Assigned task -> Return each line exactly, from the one that has "The CFTC Finalizes" through the end of the entries, both ends included. Pictures do not belong.

Material for this task ->
■ ■ ■ ■ ■ ■ ■

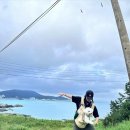 행복한 나들이 이미지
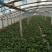 黑叶菠菜10~15厘米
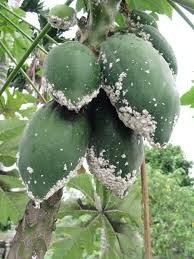 The papaya fruit fly looks similar to a wasp, with its long abdomen and black and yellow markings. Taiwan Agricultural Research Institute Council Of Agriculture Executive Yuan Achievements Innovative Techniques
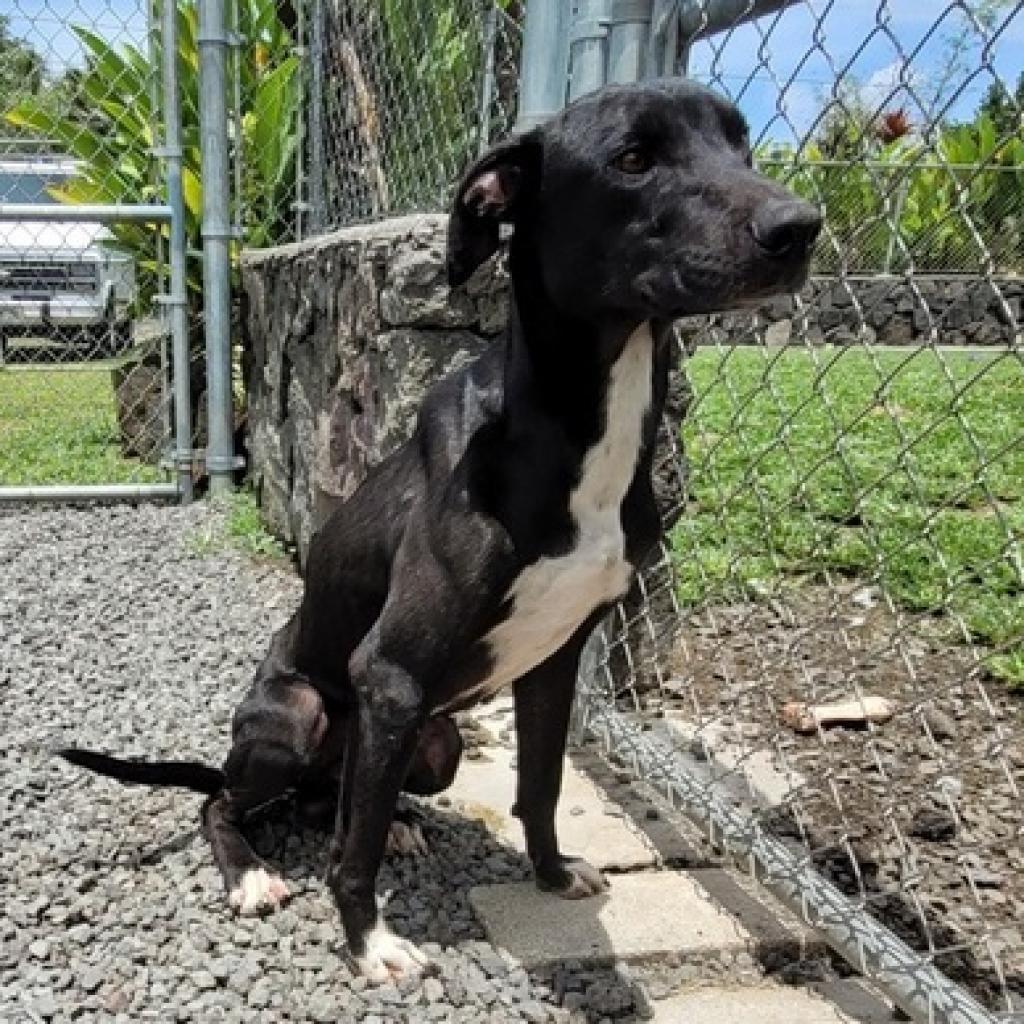 Jaeger, an adoptable Catahoula Leopard Dog in Keaau, HI, 96749 | Photo Image 4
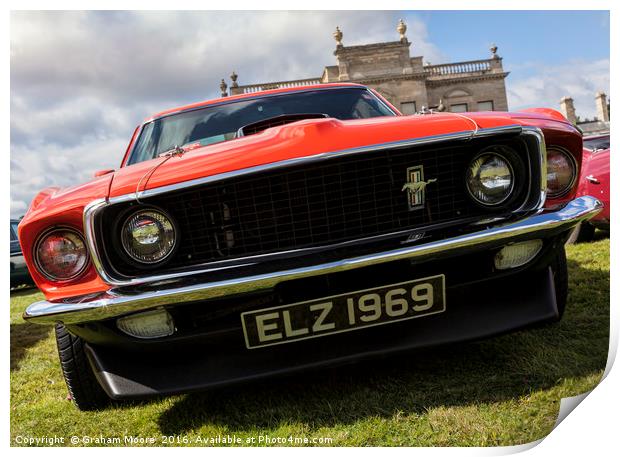 Mustang front Print by Graham Moore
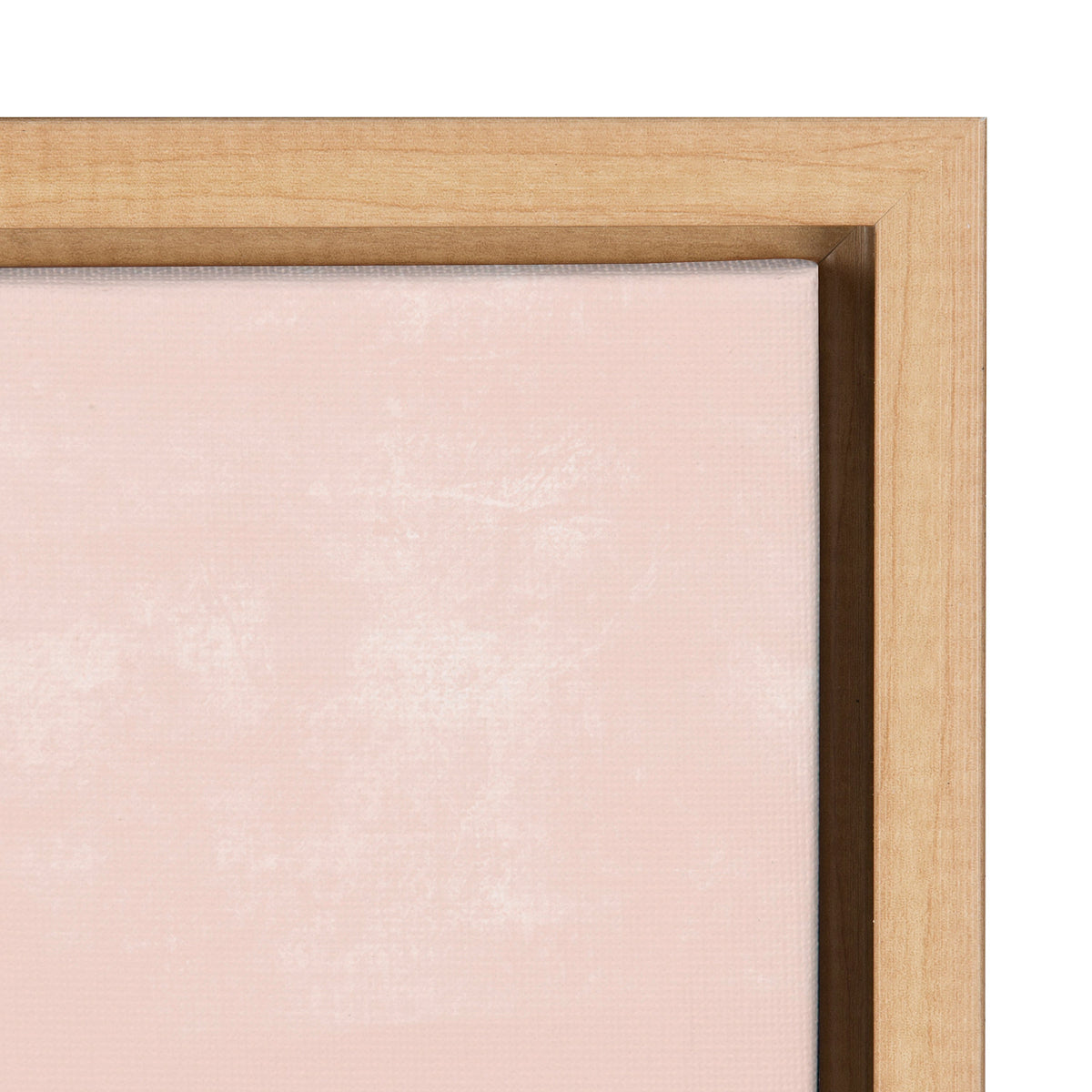 Sylvie Endless Summer Framed Canvas by Kate Aurelia Holloway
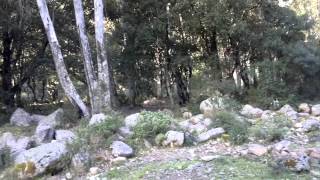 Villacidro Cervo A Magusu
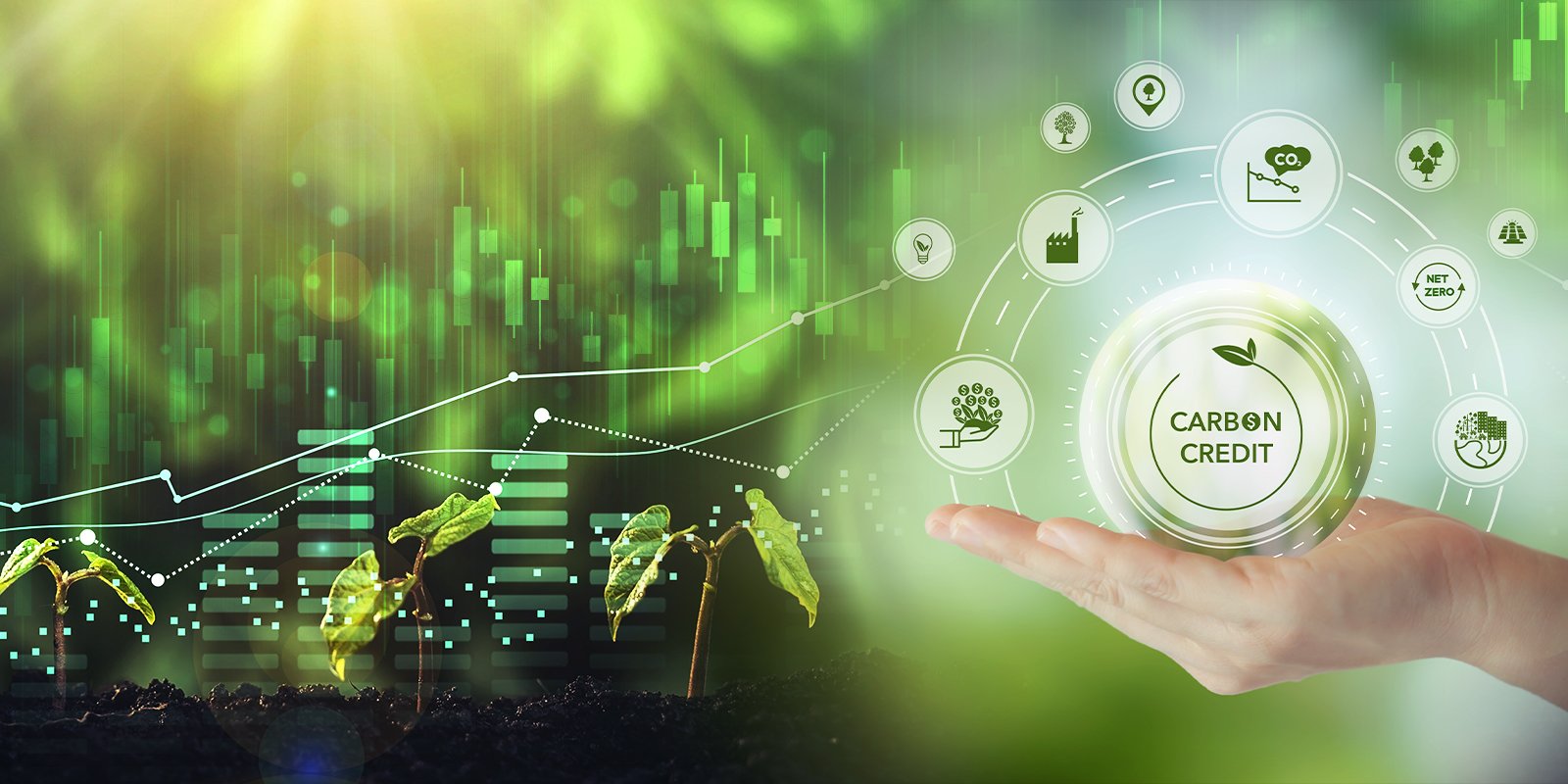 The CFTC Finalizes Guidance on Voluntary Carbon C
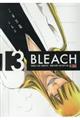 BLEACH 13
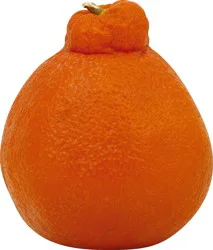 Minneola Oranges 1 ea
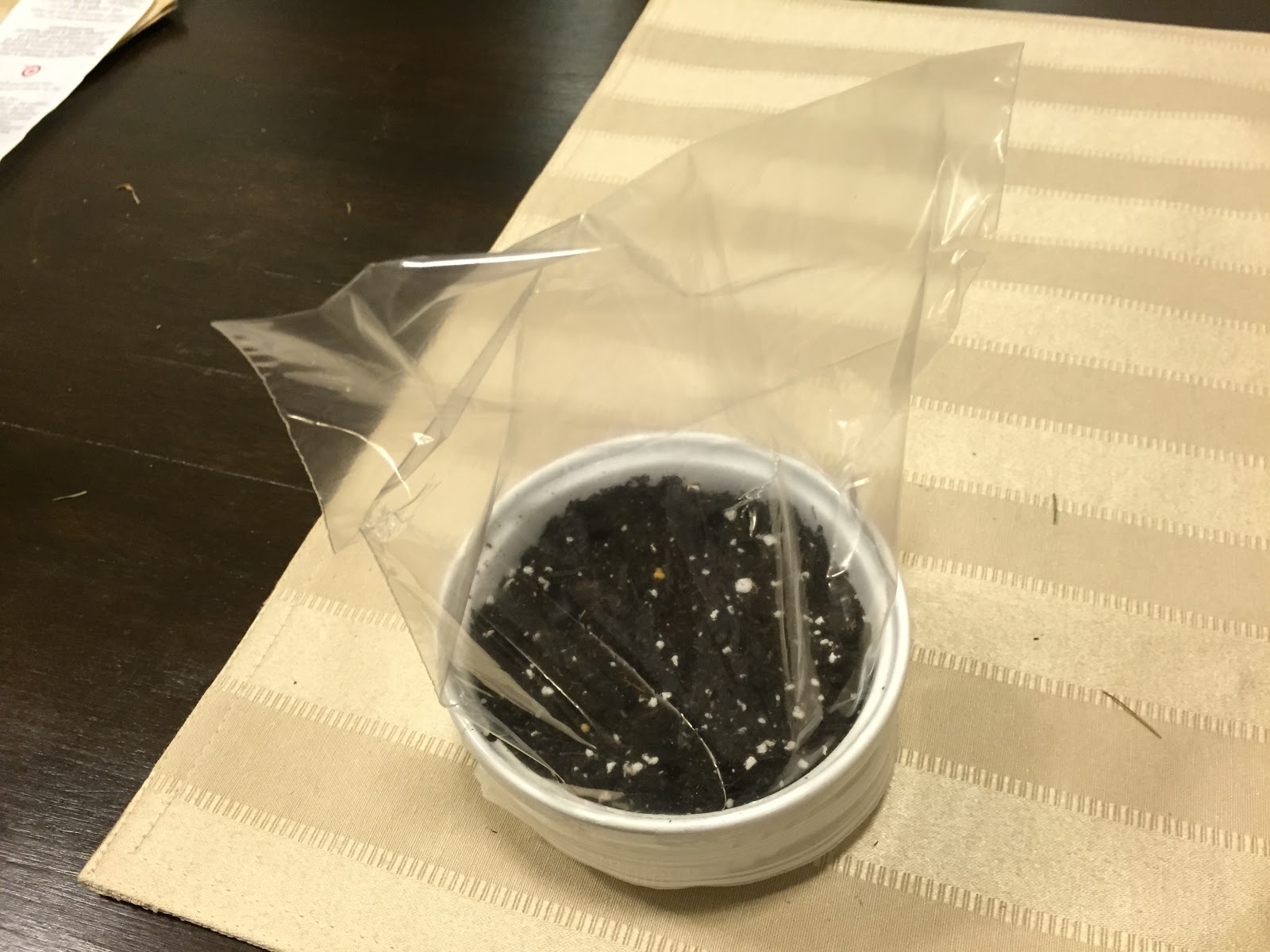 plastic bag mini greenhouse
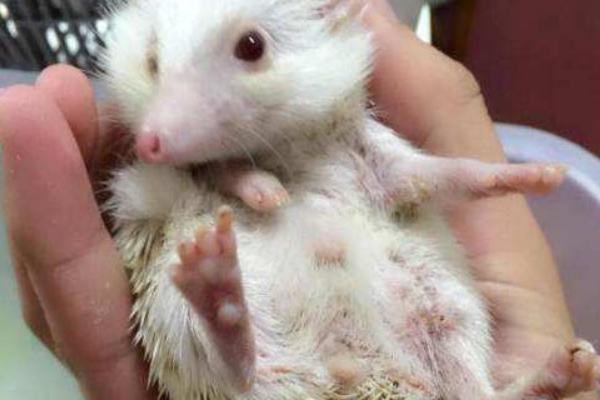 非洲迷你刺猬認主人嗎 刺猬怎么分公母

■ ■ ■ ■ ■ ■ ■

Task result ->
 The CFTC Finalizes Guidance on Voluntary Carbon C
 BLEACH 13
 Minneola Oranges 1 ea
 plastic bag mini greenhouse
 非洲迷你刺猬認主人嗎 刺猬怎么分公母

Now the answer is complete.